Si l’intégration de la voix dans la danse est récurrente dans presque tous les spectacles présentés lors de ces deux soirées – nouveau questionnement – des pièces comme Swimming room ou Empire se situent véritablement aux antipodes, et ainsi P.A.R.T.S. semble permettre aux tempéraments les plus divers de s’exprimer et les assiste « dans leur épanouissement en tant qu’artistes créateurs autonomes. »
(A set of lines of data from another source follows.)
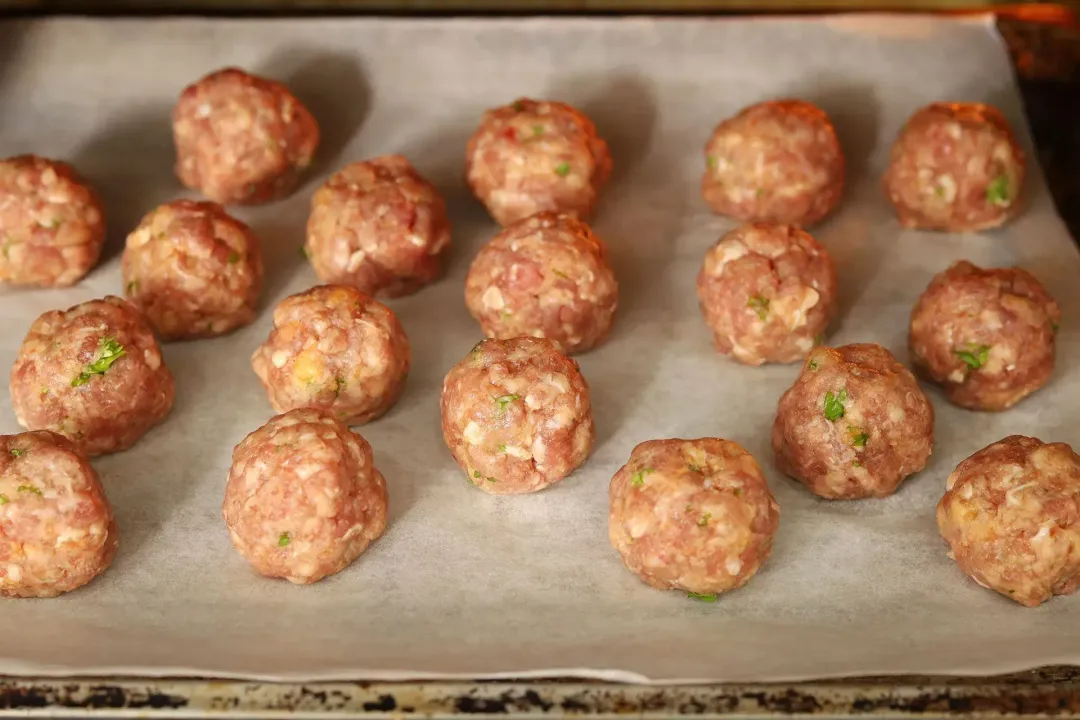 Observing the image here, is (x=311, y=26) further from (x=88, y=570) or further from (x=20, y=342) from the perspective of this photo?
(x=88, y=570)

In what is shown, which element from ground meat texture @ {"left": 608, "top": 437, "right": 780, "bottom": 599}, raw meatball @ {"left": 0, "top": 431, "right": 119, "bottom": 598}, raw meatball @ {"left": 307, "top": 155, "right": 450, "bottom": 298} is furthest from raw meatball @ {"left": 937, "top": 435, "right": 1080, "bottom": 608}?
raw meatball @ {"left": 0, "top": 431, "right": 119, "bottom": 598}

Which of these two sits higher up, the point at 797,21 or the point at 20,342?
the point at 797,21

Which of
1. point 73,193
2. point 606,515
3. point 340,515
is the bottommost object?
point 606,515

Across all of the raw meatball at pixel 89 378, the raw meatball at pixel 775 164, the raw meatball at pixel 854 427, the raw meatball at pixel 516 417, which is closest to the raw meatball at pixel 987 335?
the raw meatball at pixel 854 427

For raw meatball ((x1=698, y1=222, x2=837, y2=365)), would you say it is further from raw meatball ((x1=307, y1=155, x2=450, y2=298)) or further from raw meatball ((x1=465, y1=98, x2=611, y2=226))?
raw meatball ((x1=307, y1=155, x2=450, y2=298))

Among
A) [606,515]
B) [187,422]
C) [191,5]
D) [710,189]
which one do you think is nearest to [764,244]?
[710,189]

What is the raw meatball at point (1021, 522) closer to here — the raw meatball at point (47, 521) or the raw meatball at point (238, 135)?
the raw meatball at point (47, 521) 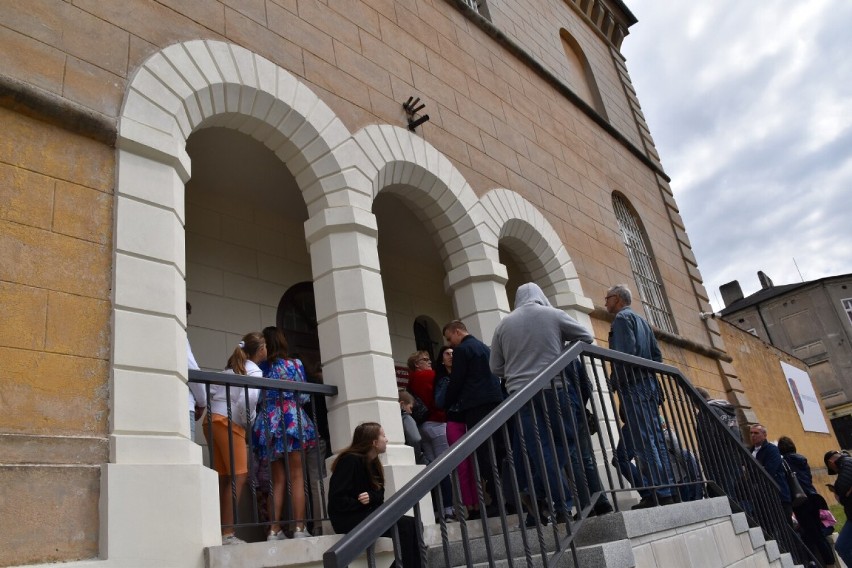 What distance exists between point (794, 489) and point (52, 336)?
6.34 meters

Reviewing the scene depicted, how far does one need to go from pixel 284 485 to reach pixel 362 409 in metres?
0.78

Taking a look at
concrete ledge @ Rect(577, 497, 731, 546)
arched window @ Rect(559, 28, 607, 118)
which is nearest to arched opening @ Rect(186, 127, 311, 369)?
concrete ledge @ Rect(577, 497, 731, 546)

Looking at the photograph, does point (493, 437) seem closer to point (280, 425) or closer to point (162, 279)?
point (280, 425)

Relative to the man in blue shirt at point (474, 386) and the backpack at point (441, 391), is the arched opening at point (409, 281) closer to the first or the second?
the backpack at point (441, 391)

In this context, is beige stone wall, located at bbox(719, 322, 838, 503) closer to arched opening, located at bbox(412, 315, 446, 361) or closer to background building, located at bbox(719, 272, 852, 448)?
arched opening, located at bbox(412, 315, 446, 361)

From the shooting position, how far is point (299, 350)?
820cm

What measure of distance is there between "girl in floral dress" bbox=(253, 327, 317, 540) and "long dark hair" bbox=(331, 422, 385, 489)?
0.51 meters

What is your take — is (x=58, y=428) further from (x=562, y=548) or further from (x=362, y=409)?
(x=562, y=548)

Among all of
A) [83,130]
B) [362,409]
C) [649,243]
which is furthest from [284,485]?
[649,243]

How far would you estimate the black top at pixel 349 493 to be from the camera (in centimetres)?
402

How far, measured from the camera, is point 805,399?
64.0 ft

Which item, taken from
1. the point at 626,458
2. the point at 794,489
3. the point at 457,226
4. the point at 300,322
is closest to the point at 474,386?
the point at 626,458

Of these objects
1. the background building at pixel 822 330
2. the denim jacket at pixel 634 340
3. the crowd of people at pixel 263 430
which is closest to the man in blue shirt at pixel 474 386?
the denim jacket at pixel 634 340

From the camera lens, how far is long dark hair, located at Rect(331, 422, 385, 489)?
415 centimetres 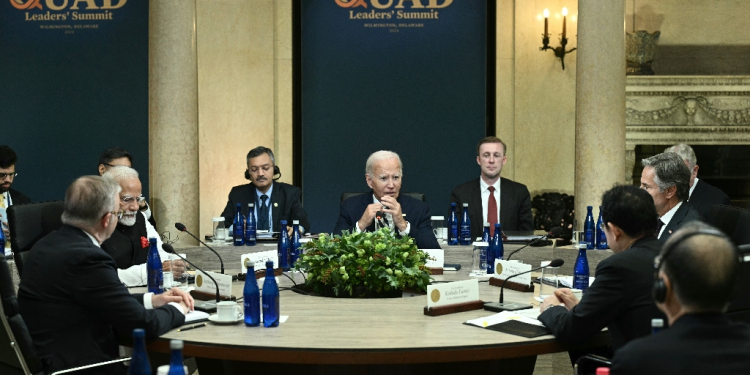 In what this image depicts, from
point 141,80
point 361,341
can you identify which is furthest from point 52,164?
point 361,341

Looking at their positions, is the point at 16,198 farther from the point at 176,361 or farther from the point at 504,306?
the point at 176,361

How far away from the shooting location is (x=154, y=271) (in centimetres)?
369

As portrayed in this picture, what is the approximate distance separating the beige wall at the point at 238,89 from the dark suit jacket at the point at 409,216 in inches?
127

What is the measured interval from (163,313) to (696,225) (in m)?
1.92

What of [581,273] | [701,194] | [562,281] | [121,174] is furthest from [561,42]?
[121,174]

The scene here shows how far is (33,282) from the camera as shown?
115 inches

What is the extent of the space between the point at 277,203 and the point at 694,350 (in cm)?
470

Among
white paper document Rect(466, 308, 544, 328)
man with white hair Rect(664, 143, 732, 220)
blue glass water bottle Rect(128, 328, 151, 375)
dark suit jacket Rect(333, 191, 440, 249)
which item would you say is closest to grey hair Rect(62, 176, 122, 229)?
blue glass water bottle Rect(128, 328, 151, 375)

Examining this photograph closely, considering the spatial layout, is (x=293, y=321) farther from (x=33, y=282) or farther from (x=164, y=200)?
(x=164, y=200)

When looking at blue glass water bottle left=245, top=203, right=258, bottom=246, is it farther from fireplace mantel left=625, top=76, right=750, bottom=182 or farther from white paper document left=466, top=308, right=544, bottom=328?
fireplace mantel left=625, top=76, right=750, bottom=182

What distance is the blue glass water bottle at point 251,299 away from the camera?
119 inches

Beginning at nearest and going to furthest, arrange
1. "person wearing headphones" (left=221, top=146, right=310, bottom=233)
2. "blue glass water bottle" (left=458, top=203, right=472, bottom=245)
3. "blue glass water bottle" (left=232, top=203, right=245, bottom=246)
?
"blue glass water bottle" (left=458, top=203, right=472, bottom=245)
"blue glass water bottle" (left=232, top=203, right=245, bottom=246)
"person wearing headphones" (left=221, top=146, right=310, bottom=233)

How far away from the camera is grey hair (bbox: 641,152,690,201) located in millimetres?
4027

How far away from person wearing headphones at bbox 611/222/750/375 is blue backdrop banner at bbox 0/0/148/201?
712 centimetres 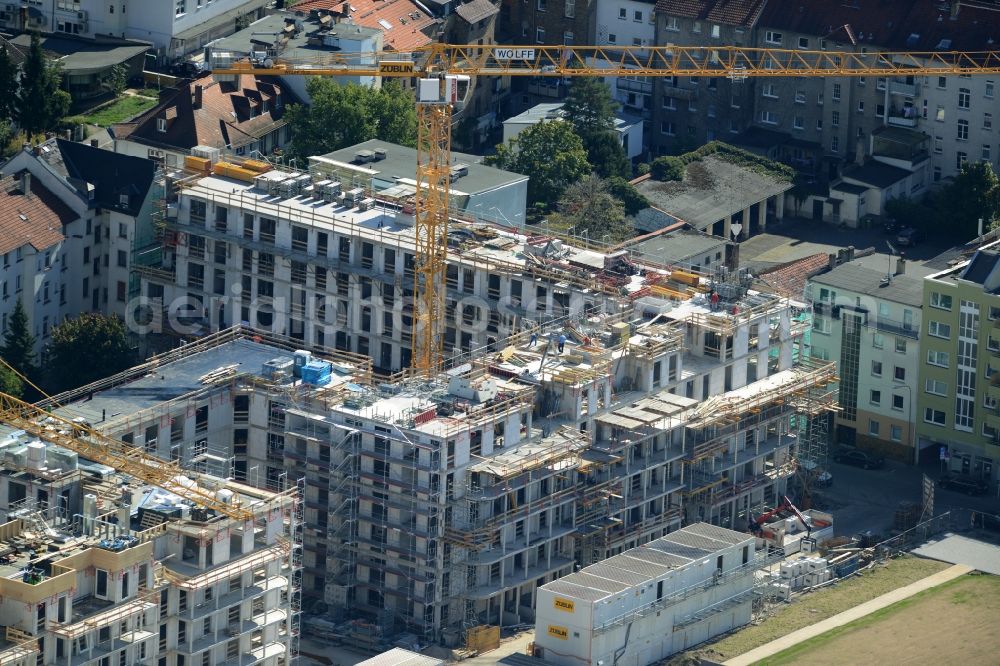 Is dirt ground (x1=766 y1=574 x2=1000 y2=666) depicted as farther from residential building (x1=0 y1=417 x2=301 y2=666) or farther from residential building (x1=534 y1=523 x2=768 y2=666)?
residential building (x1=0 y1=417 x2=301 y2=666)

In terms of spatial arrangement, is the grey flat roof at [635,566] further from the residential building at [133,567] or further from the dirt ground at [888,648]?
the residential building at [133,567]

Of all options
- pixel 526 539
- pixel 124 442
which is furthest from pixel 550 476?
pixel 124 442

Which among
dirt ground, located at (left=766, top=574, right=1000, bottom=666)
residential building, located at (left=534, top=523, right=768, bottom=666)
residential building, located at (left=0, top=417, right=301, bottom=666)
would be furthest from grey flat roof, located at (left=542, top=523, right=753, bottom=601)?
residential building, located at (left=0, top=417, right=301, bottom=666)

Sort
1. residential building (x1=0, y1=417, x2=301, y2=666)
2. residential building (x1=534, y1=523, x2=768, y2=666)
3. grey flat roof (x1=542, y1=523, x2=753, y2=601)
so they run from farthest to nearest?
1. grey flat roof (x1=542, y1=523, x2=753, y2=601)
2. residential building (x1=534, y1=523, x2=768, y2=666)
3. residential building (x1=0, y1=417, x2=301, y2=666)

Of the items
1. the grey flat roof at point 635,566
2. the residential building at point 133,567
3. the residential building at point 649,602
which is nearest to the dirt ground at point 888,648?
the residential building at point 649,602

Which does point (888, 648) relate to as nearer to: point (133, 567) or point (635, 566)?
point (635, 566)

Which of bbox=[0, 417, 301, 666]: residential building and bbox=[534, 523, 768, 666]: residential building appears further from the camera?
bbox=[534, 523, 768, 666]: residential building

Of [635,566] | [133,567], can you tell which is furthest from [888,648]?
[133,567]

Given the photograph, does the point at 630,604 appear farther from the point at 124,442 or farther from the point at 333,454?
the point at 124,442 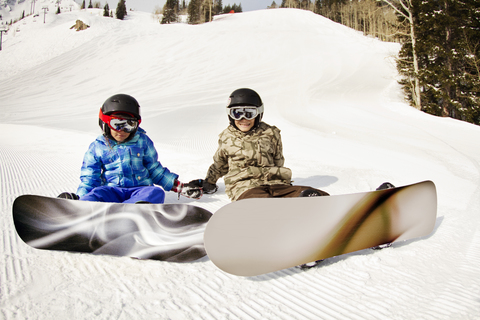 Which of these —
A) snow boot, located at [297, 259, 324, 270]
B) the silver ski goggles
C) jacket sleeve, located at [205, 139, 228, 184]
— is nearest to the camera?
snow boot, located at [297, 259, 324, 270]

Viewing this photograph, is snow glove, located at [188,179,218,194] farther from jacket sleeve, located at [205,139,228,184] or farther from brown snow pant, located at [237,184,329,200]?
brown snow pant, located at [237,184,329,200]

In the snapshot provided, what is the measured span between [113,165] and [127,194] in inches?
10.8

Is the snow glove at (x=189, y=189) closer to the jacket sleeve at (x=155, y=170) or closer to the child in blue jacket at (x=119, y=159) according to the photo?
the jacket sleeve at (x=155, y=170)

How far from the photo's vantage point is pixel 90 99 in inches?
564

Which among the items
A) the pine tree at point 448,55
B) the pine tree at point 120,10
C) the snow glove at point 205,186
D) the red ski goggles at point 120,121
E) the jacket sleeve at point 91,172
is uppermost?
the pine tree at point 120,10

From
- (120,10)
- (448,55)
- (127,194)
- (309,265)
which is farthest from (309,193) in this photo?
(120,10)

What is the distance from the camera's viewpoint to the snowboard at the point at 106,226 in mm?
1690

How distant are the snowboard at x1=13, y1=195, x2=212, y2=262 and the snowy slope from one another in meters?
0.09

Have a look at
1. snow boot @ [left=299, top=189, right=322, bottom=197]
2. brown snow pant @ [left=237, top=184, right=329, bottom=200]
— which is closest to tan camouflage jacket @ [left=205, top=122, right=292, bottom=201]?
brown snow pant @ [left=237, top=184, right=329, bottom=200]

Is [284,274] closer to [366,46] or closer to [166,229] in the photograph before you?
[166,229]

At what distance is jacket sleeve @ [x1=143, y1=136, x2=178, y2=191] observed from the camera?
2605 millimetres

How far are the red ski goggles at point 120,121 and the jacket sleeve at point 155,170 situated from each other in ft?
0.71

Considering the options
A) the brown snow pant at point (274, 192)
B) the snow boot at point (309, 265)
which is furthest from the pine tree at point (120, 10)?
the snow boot at point (309, 265)

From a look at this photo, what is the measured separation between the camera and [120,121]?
7.82 ft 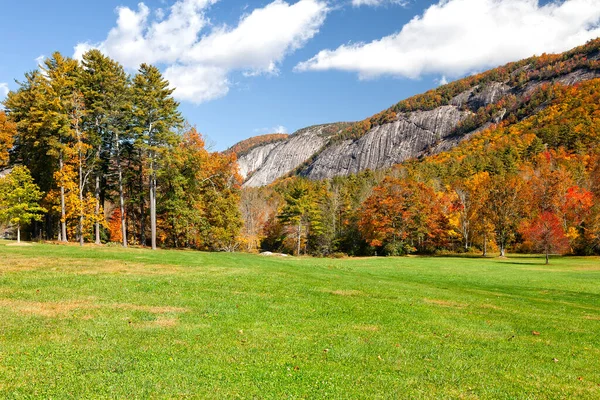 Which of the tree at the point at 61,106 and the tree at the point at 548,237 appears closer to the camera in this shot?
the tree at the point at 61,106

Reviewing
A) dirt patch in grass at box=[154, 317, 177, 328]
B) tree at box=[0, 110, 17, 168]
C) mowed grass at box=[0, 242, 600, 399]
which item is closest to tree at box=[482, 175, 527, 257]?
mowed grass at box=[0, 242, 600, 399]

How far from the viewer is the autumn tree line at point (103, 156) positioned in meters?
33.2

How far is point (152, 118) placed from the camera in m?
36.0

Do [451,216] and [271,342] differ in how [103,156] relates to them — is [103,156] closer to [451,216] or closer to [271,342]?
[271,342]

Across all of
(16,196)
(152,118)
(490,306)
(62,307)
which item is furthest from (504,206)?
(16,196)

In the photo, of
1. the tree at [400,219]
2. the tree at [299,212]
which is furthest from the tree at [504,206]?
the tree at [299,212]

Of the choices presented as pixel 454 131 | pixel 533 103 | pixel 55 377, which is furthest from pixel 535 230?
pixel 454 131

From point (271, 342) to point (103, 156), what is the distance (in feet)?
124

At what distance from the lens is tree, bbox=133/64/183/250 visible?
115 feet

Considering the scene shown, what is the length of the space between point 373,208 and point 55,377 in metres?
55.3

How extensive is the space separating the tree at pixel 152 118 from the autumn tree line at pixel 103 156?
98 mm

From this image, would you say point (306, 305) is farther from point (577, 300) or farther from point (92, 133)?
point (92, 133)

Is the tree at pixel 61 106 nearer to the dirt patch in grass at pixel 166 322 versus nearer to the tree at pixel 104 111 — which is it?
the tree at pixel 104 111

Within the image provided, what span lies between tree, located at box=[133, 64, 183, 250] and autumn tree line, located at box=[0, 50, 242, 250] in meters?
0.10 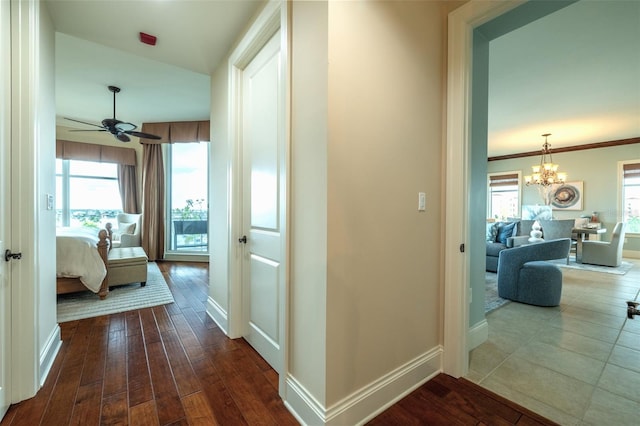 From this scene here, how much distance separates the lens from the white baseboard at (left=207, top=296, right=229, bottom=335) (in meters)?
2.37

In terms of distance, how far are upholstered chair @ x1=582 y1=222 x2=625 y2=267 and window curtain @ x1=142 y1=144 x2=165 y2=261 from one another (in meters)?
8.75

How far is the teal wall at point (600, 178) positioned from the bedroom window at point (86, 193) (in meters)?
11.2

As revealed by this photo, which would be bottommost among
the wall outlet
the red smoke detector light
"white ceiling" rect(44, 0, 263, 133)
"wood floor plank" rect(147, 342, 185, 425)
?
"wood floor plank" rect(147, 342, 185, 425)

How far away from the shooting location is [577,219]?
6617 mm

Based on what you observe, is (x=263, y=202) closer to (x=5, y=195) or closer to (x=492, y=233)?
(x=5, y=195)

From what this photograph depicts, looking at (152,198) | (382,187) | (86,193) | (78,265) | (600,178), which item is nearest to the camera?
(382,187)

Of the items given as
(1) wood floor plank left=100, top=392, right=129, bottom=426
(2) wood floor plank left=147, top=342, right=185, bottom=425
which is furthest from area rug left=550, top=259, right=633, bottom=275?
(1) wood floor plank left=100, top=392, right=129, bottom=426

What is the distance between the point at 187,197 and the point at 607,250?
855 cm

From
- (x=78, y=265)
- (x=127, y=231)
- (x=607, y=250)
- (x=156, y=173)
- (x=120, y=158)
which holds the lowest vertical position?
(x=607, y=250)

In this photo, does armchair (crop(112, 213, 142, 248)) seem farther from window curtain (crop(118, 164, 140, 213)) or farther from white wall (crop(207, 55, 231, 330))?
white wall (crop(207, 55, 231, 330))

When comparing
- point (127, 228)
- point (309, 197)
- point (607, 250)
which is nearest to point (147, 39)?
point (309, 197)

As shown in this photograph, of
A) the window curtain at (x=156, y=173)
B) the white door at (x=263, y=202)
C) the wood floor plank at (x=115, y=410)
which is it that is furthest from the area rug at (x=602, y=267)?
the window curtain at (x=156, y=173)

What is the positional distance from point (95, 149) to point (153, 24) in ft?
16.3

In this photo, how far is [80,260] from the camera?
3006 millimetres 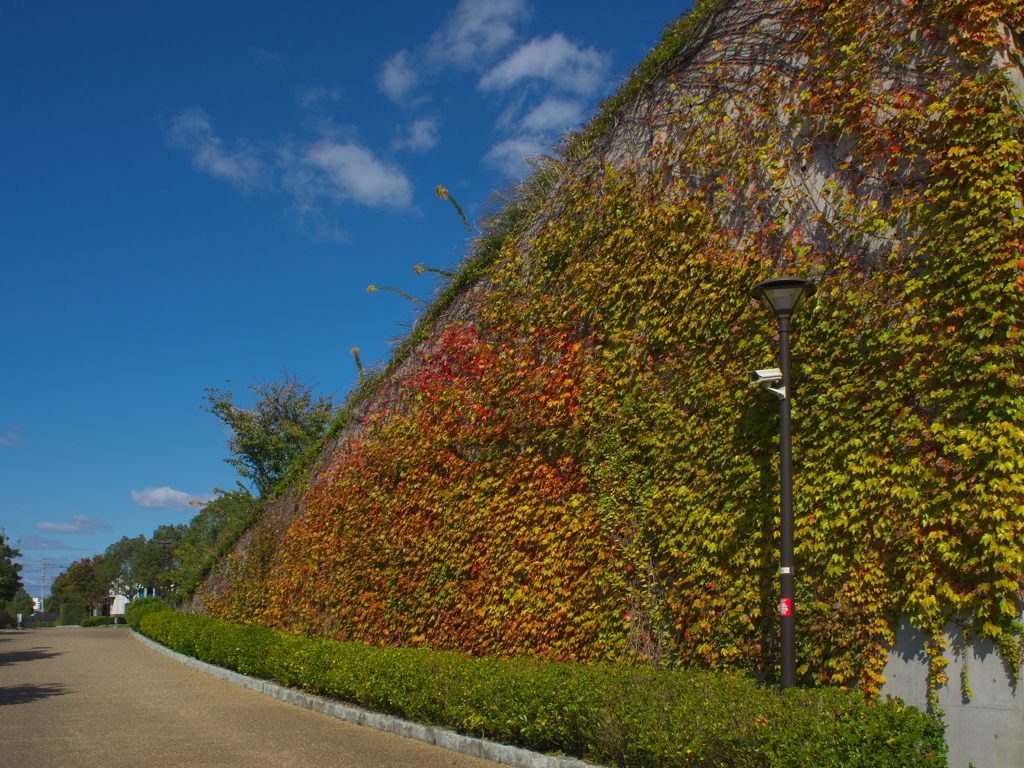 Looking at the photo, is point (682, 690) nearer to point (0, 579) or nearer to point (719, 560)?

À l’issue des deux soirées, spectateurs, danseurs amateurs et professionnels se sont retrouvés dans la « cuisine » du Garage, dans une ambiance très conviviale, le temps de boire un verre de vin ou… une soupe au potiron! Ainsi de jeunes élèves du conservatoire de Rennes, quelque peu intimidés, ont pu dialoguer avec leurs camarades à l’orée de leurs études en Belgique. Précisons que la langue officielle de l’école P.A.R.T.S. est l’anglais, et que souvent les discussions alternaient l’anglais et le français. Une des conversations faisait référence à la cohésion de groupe. Si celle-ci est très forte dans les premières années d’étude à P.A.R.T.S., elle a tendance naturellement à s’étioler en fin de cursus à mesure que les étudiants affirment leurs personnalités, se spécialisent dans leurs pratiques et définissent leurs projets individuels. Ils ne se regroupent plus alors que par toutes petites unités dans le cadre de recherches collectives. Ainsi, ce voyage de fin d’études s’est avéré pour ces danseurs une opportunité de recouvrer des sensations qu’ils avaient pu connaître lors de leurs débuts à P.A.R.T.S. et de renforcer, si besoin était, ce sens de l’émulation collective, si essentiel dans le monde de la danse.
+ d’infos :
http://www.museedeladanse.org/events/partsrennes
http://www.parts.be/fr
http://www.scoop.it/t/musee-de-la-danse-press
[1] Ajoutons que le couple de créateurs a en outre octroyé le 25 novembre un cours de danse aux amateurs du Musée de la Danse, dans le cadre du programme Gift, où se succédèrent des scènes théâtrales aussi débridées que jubilatoires. Le 16 décembre, lors d’un autre Gift, c’est l’ensemble des étudiants de P.A.R.T.S., qui suggéra notamment la création d’une multiplicité de débuts de pièce, d’amorces de spectacles, dans une ambiance très festive.